Canyon de Chelly National Monument
If this looks familiar to you, it’s because we recently did an in-depth post about our visit here! This stunning canyon in northeastern Arizona is way less crowded than the Grand Canyon, and dogs are allowed at many overlooks.
Organ Pipe Cactus National Monument
A bit off the beaten path but worth the trip! We visited Organ Pipe in 2018 and were able to combine their three dog-friendly trails, which totaled 3.5 miles.
From our previous experience, we suggest wearing the pups out with that first and then driving the Ajo Mountain Drive loop. Keep in mind pets can’t get out of the car on that loop, which takes roughly two hours to complete. Ask about current conditions at the visitor center before you begin. We felt that combining the hike with the drive was a great day trip, and we loved that the dogs got to join. Plan your trip accordingly though. We went in February when the temperatures allowed the dogs to be comfortable.
Kofa National Wildlife Refuge
Do you like boondocking? If so, you’ll love visiting the Kofa National Wildlife Refuge off State Highway 95 between Yuma and Quartzsite. This epic boondocking spot has killer views and a short little hike to a desert oasis: Palm Canyon. We visited in 2018 and the dogs loved it.
See that road going up into the canyon? That’s the Palm Canyon hike trailhead. I won’t post a photo here — so you can be surprised when you go! (Yes, there are palm trees up there believe it or not!)
Pro-tip: The cholla cactus here can be brutal for pups! Stay on the road and trails, or pick up a pair of booties to protect their paws.
Devil’s Bridge, Sedona
We only had one day to visit Sedona, which I’ll tell you now is not enough! We chose to do the very popular hike to Devil’s Bridge. An early start got us there before it got too hot or too busy. The hike isn’t very strenuous until the very end.
If you want to stand on top of the bridge, you have a little bit of rock scrambling to do. This was nothing we, or the dogs, couldn’t do — but it’s good to know that you can still see the bridge from below if you don’t want to do the scramble, or don’t like heights!
Once an old mining town known as the “wickedest town in the West,” Jerome is now a fun, little mountain town with a great artist community. These elements make it perfect for a dog-friendly day trip! Stand on a glass viewing platform over a 1918 mine shaft in Audrey Headframe Park, walk the town, and then grab a bite to eat on the dog-friendly patio of the Haunted Hamburger.
Ready for this? Dog-friendly, waterfront camping ON THE BEACH. Okay, okay. Technically it’s in Utah, but it’s right on the border of Arizona, and it’s a great place to stay if you’re visiting Page, AZ.
Does parking on a beach sound risky? Well, it kind of is! In fact, during our stay, we saw several rigs get pulled out of the sand by tow trucks. And the tow truck company’s phone number is posted at the entry kiosk. So keep that in mind!

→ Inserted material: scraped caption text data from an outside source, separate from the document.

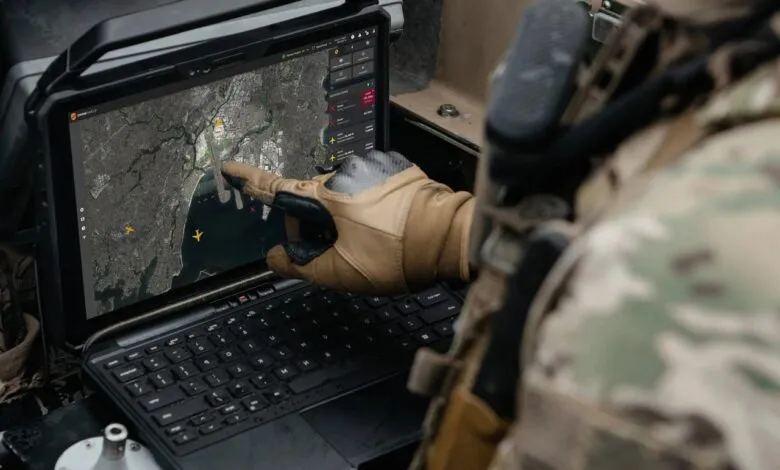 Soldier in camouflage points at a drone surveillance map on a rugged tablet.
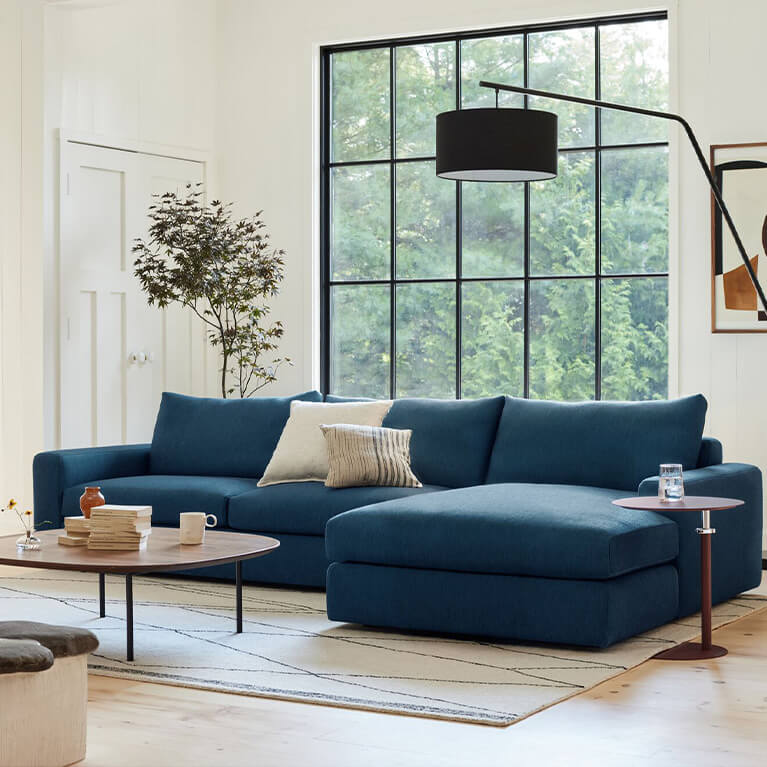 Blue sectional sofa is shown in a living room. Link to cello collection search page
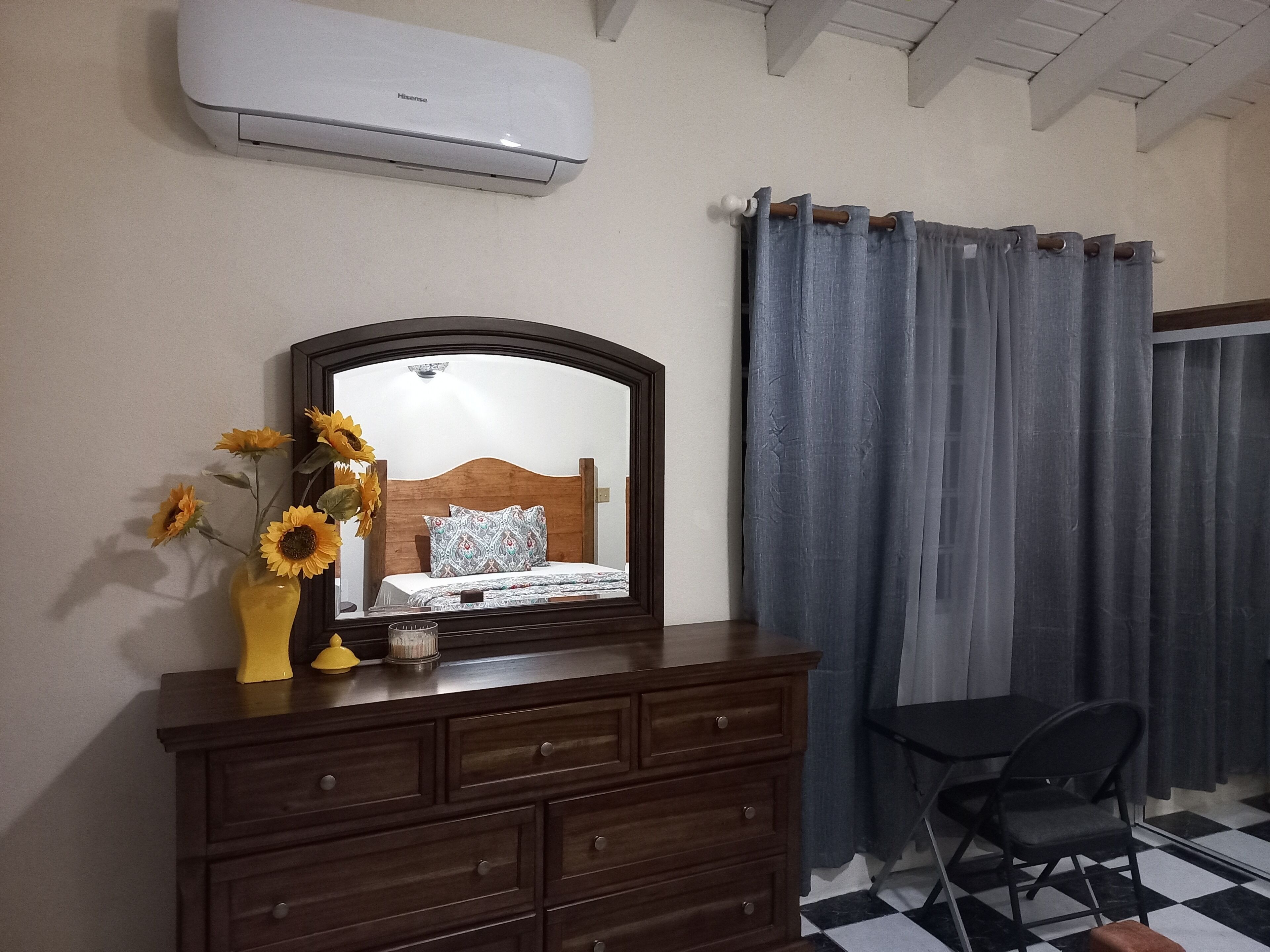 Um quarto com cômoda de madeira, um espelho, uma cama com roupa de cama estampada, um vaso com girassóis e uma janela com cortinas cinzas.
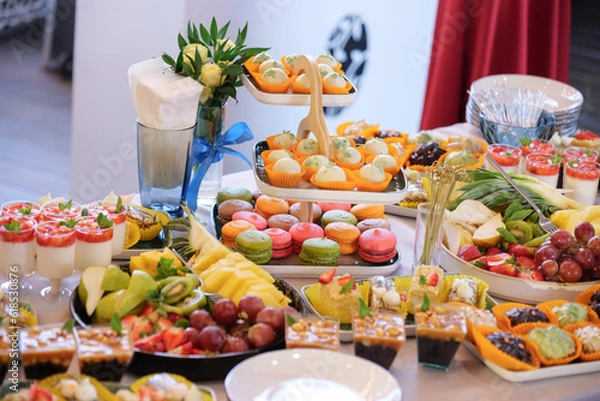Obraz candy bar dessert table with various macarons, sweets, cupcakes, fruits and pies.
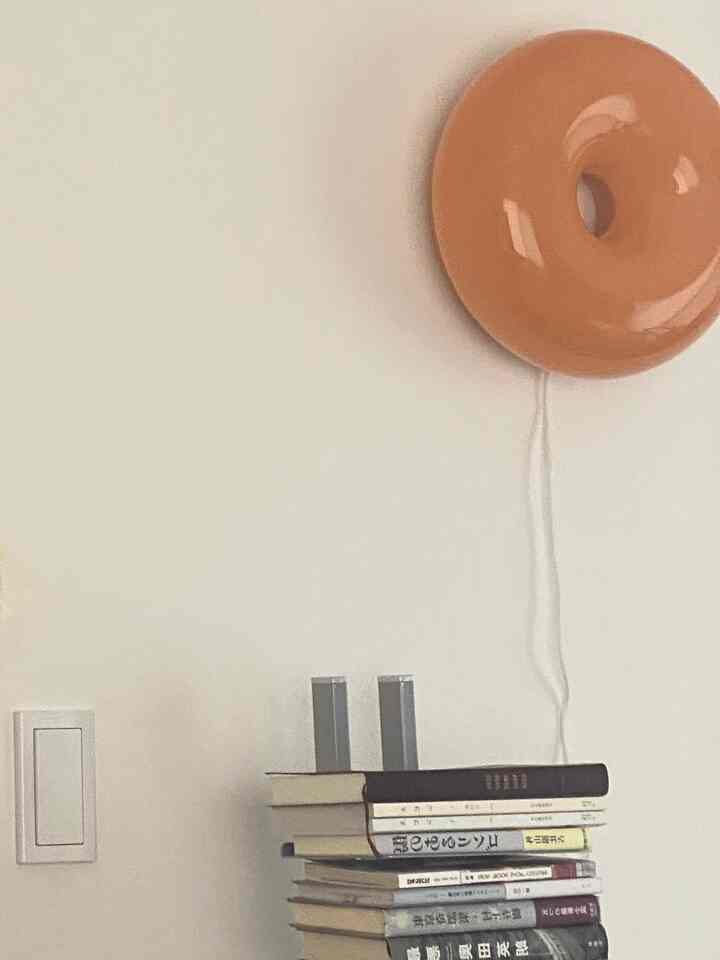 White-walled dressing room with a stack of books and an orange table lamp creating a natural, cozy atmosphere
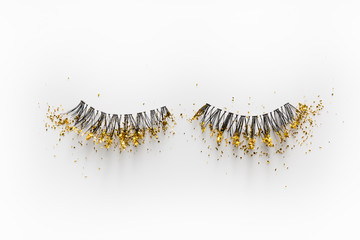False eyelashes with gold sparkles on a white background.
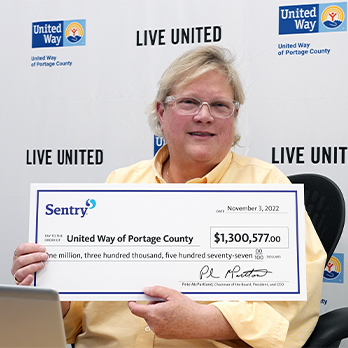 Woman holding Sentry donation check to United Way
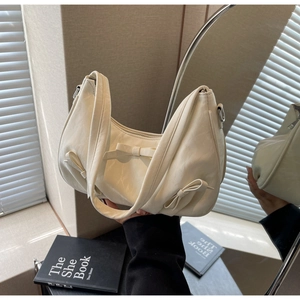 Close-up of cream textured leather handbag featuring decorative bows and metal zippers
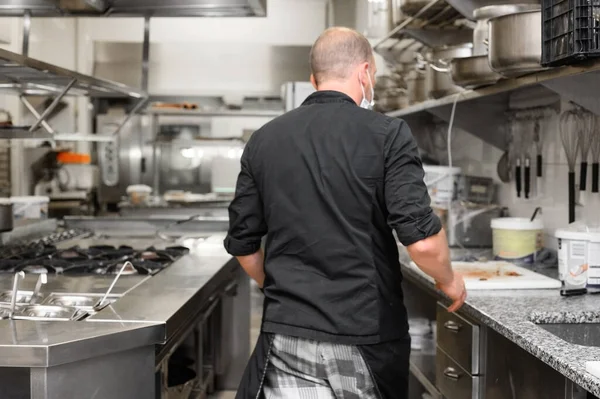 Chef in uniform cooking in a commercial kitchen. Male cook wearing apron standing by kitchen counter preparing food. — Stock Photo, Image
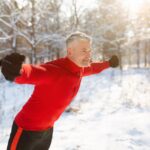 Outdoor winter sports. Happy senior man training with fitness straps at sunny snowy park, free space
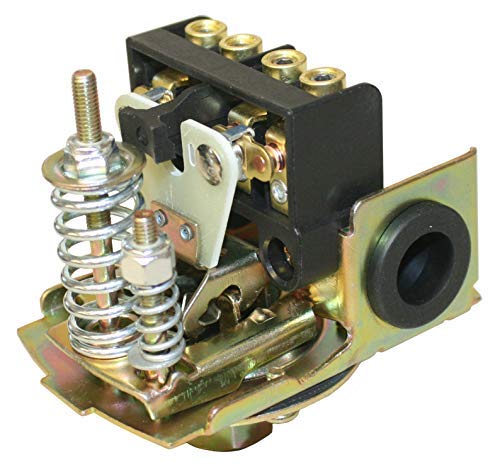 Heavy-duty pressure switch with brass ports, spring mechanism, and black contact housing mounted on yellow-zinc base plate.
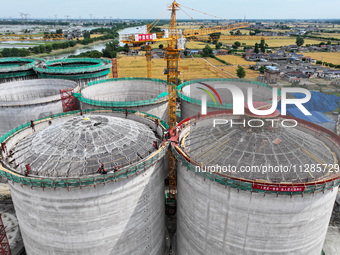 Workers are working at the construction site of a grain storage project of the Yandu branch of the Central Grain Reserve Yancheng Direct War...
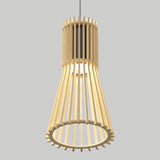 A modern pendant light with a cylindrical wooden slat design, widening at the bottom. The light bulb is visible inside, and the fixture hangs from a thin black cord against a plain gray background.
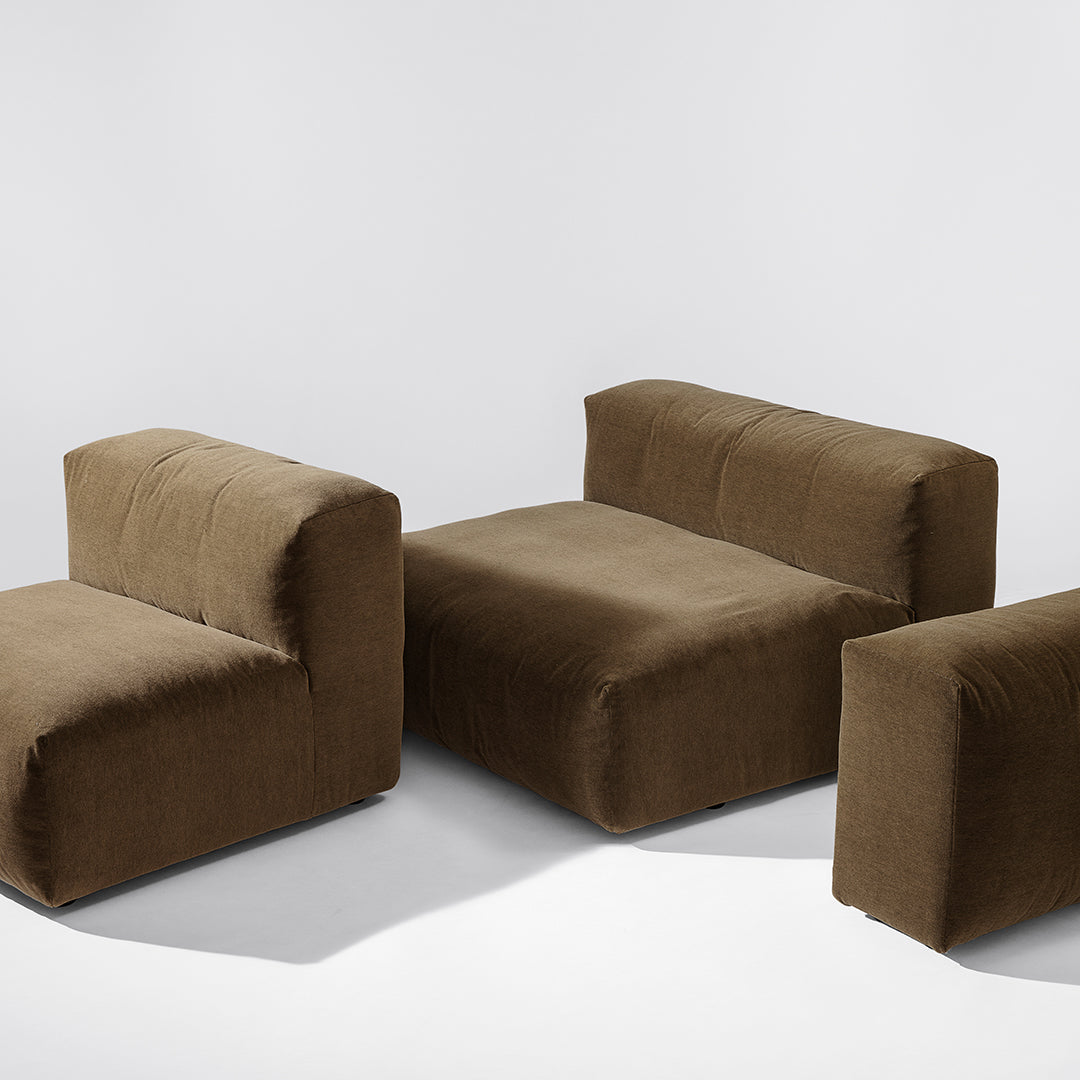 Brown modular sofa set with a smooth, contemporary design and plush texture against a minimalist background.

We chose to unhook our toad (a very capable 4WD Jeep Wrangler) and go scouting before we dared to bring our 31,000-pound Class A onto the beach. Look for the hard-packed sand — that should keep you safe! It worked well for us. Alternately, there is a paved parking area on the bluff above the beach that will get you the same views without the risk.
While you’re in Page, you may want to visit the very Instagram-worthy Horseshoe Bend …if you and your dog can find a place in the parking lot. From what I’m hearing, it is often full. There is also a fee to park. At the time of this writing, passenger vehicles (car, truck, SUV, RV, motorhome) are charged $10. There is a shuttle from Page, but I’m not sure if they allow dogs. We were lucky enough to visit before these changes were implemented.
Another dog-friendly stop is the Glen Canyon Dam Overlook. Make sure to check out our Instagram post about a little-known sweet but heartbreaking tribute to dogs named Chico and Sadie.
Saguaro National Park
Saguaro National Park isn’t especially dog friendly, but since we were so close, we went anyway.
The good news? The usual NPS rules apply: dogs are allowed on paved trails and where cars are allowed. There are many very quiet dirt roads that made for a pleasant walk, and we were always surrounded by the saguaros. If you’re traveling with pets, this may not be worth its own trip, but it’s definitely worth a quick detour.
Grand Canyon National Park
Dogs can’t go into the canyon, but don’t let that dissuade you from visiting! We spent two weeks at the South Rim in 2017, and Lily & Mushy had plenty to do. You can walk for miles along the rim and the greenway that goes all the way to the town of Tusayan.
Where to stay: There’s plenty of boondocking outside of the park, but because we had family visiting we chose to stay at the Grand Canyon Trailer Village. The park was walking distance to the rim and Mule Deer visited every evening.
Honorable Mention: Oatman
A tiny desert town tucked away in the hills with wild burros roaming the streets? Sounds adorable, right?! (It is!)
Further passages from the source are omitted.